Search code examples
jsonjqfrequency-distribution

For a simple key-value pair list JSON, use jq to print a summary by range of values


Consider the following JSON having a list of key-value pairs

{
  "session1": 128,
  "session2": 1048596,
  "session3": 3145728,
  "session4": 3145828,
  "session5": 11534338,
  "session6": 11544336,
  "session7": 2097252
}

The key is a session identifier, and the value is the length of the value stored in the session.

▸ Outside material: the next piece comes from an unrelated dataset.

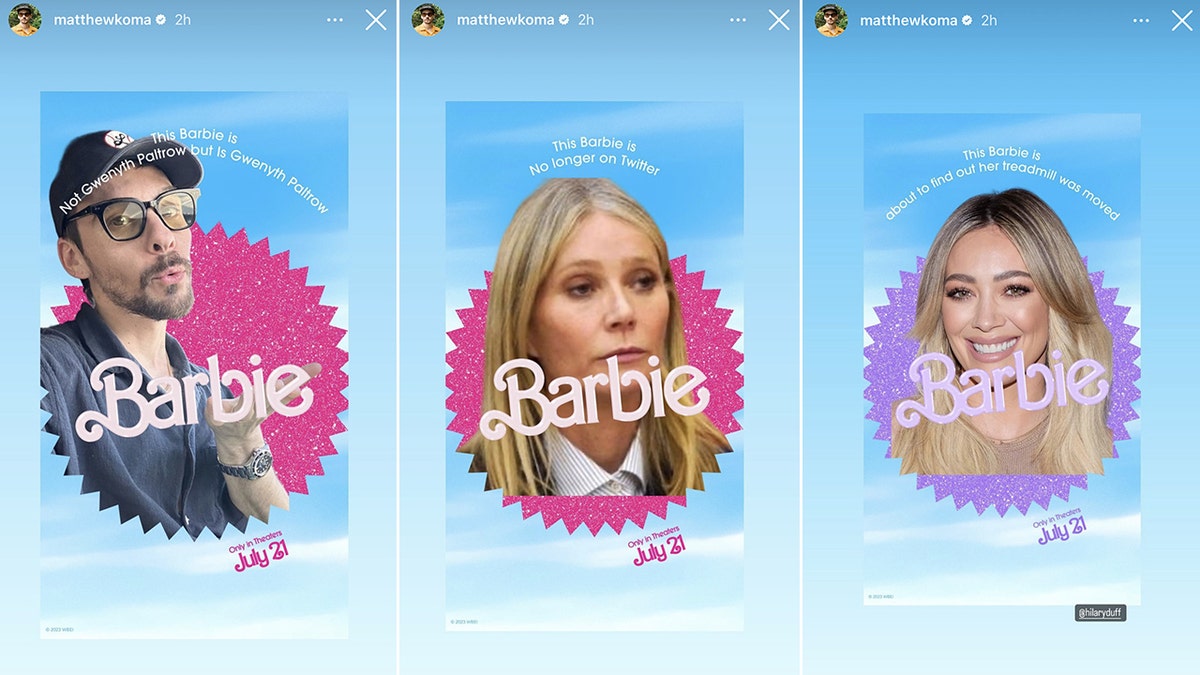 Photoshopped faces of Matthew Koma, Gwyneth Paltrow, and Hilary Duff on the new Greta Gerwig film "Barbie" posters that were released the day before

I want to print counts of values by range - the ranges being (lower bound included, high bound excluded); 0-1MB, 1-2MB, 2-3MB, ... 12-13MB.

 1MB =  1048576
 2MB =  2097152
 3MB =  3145728
 4MB =  4194304
 5MB =  5242880
 6MB =  6291456
 7MB =  7340032
 8MB =  8388608
 9MB =  9437184
10MB = 10485760
11MB = 11534336
12MB = 12582912
13MB = 13631488

The expected output is

{
  "0-1MB": 1,
  "1-2MB": 1,
  "2-3MB": 1,
  "3-4MB": 2,
  "10-11MB": 2
}

The above is just representative, suggestions are welcome.


Solution

  • The following should work:

    to_entries
    | map(.value / 1048576 | floor | [tostring, "-", (.+1 | tostring), "MB"] | add)
    | group_by(.)
    | map({"key": .[0], "value": length})
    | from_entries
    

    For your input, it produces the following output:

    {
      "0-1MB": 1,
      "1-2MB": 1,
      "11-12MB": 2,
      "2-3MB": 1,
      "3-4MB": 2
    }
    

    (11534338 and 11544336 are counted in the "11-12MB" bucket rather than the "10-11MB" one, because 11*2^20 = 11534336, and those numbers are larger than that.)

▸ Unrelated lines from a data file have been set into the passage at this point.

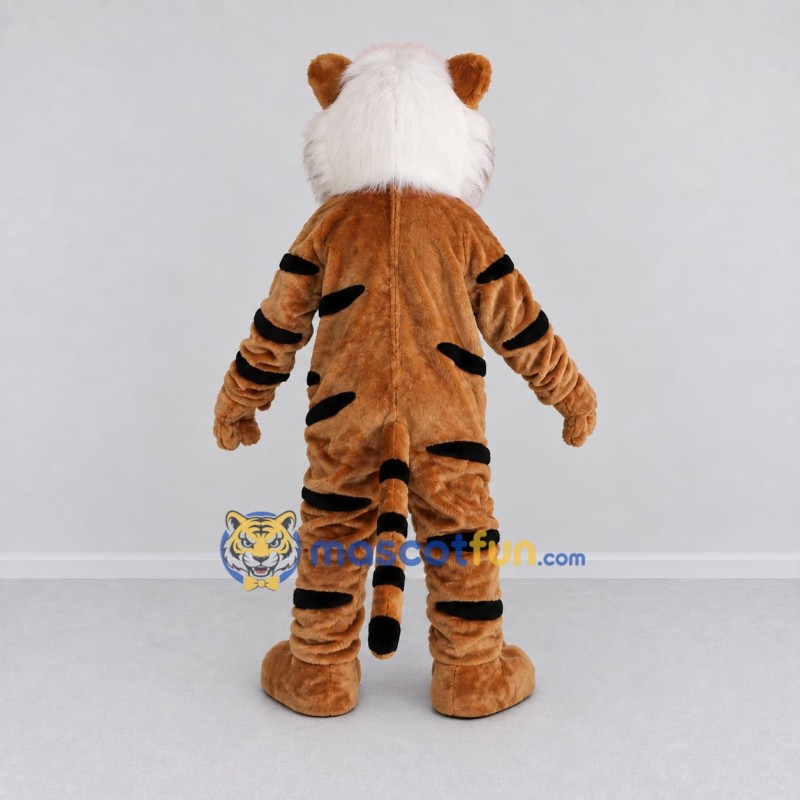 Custom Brown Black and White Tiger Mascot Costume Adult Full Body Suit for Wildlife Events Custom Brown Black and White Tiger Mascot Costume Adult Full Body Suit for Wildlife Events
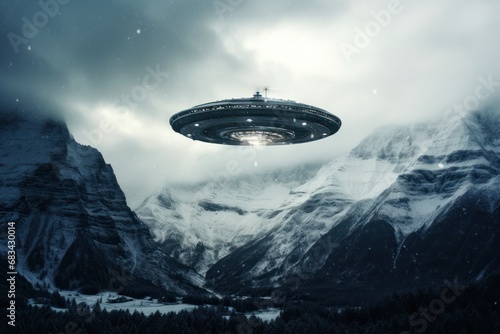 an alien ship in snowing mountains photograph, photography, professional quality --ar 3:2 --v 5.2 Job ID: 26c21333-496e-43ca-bec5-1f9fb60a53f1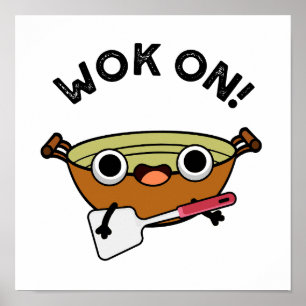 Wok on Funny Chinese Cooking Pub Poster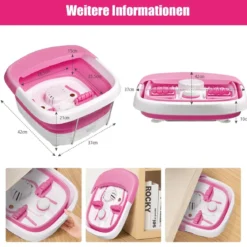 Fußbad Massagegerät faltbar Elektrische Fußbadewanne Heizung und Sprudelmassage Fußmassage Spa mit Massagerollen Rosa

    If you wanted the keys in numeric order, you could also convert them to your preferred string labels after the group_by:

    to_entries
    | map(.value / 1048576 | floor)
    | group_by(.)
    | map({"key": [(.[0] | tostring), "-", (.[0]+1 | tostring), "MB"] | add, "value": length})
    | from_entries
    

    Which produces:

    {
      "0-1MB": 1,
      "1-2MB": 1,
      "2-3MB": 1,
      "3-4MB": 2,
      "11-12MB": 2
    }
    

    Both solutions have the same basic steps:

    1. Convert the input object to an array of {"key": x, "value": y} entries (to_entries).
    2. Map the entries into something that identifies the range they're in, by rouding down to the nearest megabyte (.value / 1048576 | floor).
    3. Group by the value (group_by). This produces an array like [[0], [1], [2], [3, 3], [11, 11]] for your input.
    4. For each group, produce an entry where the "key" field is the range label ("X-YMB") and the "value" is the number of elements in the group (length).
    5. Convert the list of entries back to a single object (from_entries).